→ **Task prompt**
Copy exactly the lines that run from the one containing "this 500×334 image." through the end of the entries, both ends included.

→ **Records**
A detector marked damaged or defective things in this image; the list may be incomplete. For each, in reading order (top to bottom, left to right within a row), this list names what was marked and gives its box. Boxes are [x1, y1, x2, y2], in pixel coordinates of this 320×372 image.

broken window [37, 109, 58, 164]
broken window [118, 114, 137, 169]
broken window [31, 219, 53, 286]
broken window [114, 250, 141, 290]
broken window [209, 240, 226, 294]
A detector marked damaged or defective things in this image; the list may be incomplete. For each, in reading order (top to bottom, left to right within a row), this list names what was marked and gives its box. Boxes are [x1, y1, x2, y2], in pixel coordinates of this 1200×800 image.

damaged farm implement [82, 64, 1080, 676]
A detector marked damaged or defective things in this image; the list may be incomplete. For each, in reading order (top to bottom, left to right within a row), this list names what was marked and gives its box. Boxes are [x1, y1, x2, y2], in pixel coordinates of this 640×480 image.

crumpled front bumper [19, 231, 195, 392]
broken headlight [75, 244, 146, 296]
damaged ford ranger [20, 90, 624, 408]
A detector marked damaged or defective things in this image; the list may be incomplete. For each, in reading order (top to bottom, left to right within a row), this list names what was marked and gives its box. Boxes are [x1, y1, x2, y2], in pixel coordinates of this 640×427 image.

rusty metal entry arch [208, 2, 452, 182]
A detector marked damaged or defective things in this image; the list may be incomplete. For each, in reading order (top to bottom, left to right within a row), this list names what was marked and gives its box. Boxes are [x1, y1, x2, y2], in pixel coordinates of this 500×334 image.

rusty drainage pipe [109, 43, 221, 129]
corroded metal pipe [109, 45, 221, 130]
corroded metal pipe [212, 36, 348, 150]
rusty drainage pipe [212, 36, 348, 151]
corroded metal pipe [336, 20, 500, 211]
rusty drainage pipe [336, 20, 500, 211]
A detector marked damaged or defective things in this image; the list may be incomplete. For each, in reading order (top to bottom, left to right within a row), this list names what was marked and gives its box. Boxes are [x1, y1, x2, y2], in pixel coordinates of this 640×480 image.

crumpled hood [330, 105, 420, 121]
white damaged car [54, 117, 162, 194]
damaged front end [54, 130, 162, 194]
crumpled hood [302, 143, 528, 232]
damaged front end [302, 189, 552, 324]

→ **Response box**
A detector marked damaged or defective things in this image; the list may be incomplete. For each, in reading order (top to bottom, left to right within a row), this list names what was marked and gives its box. Boxes are [x1, y1, x2, y2], in pixel coordinates of this 500×334 image.

rusty drainage pipe [109, 43, 221, 129]
corroded metal pipe [109, 45, 221, 130]
corroded metal pipe [212, 36, 348, 150]
rusty drainage pipe [212, 36, 348, 151]
corroded metal pipe [336, 20, 500, 211]
rusty drainage pipe [336, 20, 500, 211]
A detector marked damaged or defective things in this image; the list may be incomplete. For each, in reading order (top to bottom, left to right within a row), this list names what was marked and gives its box. Boxes are [x1, y1, x2, y2], in pixel coordinates of this 640×480 image.

crumpled hood [330, 105, 420, 121]
white damaged car [54, 117, 162, 194]
damaged front end [54, 130, 162, 194]
crumpled hood [302, 143, 528, 232]
damaged front end [302, 189, 552, 324]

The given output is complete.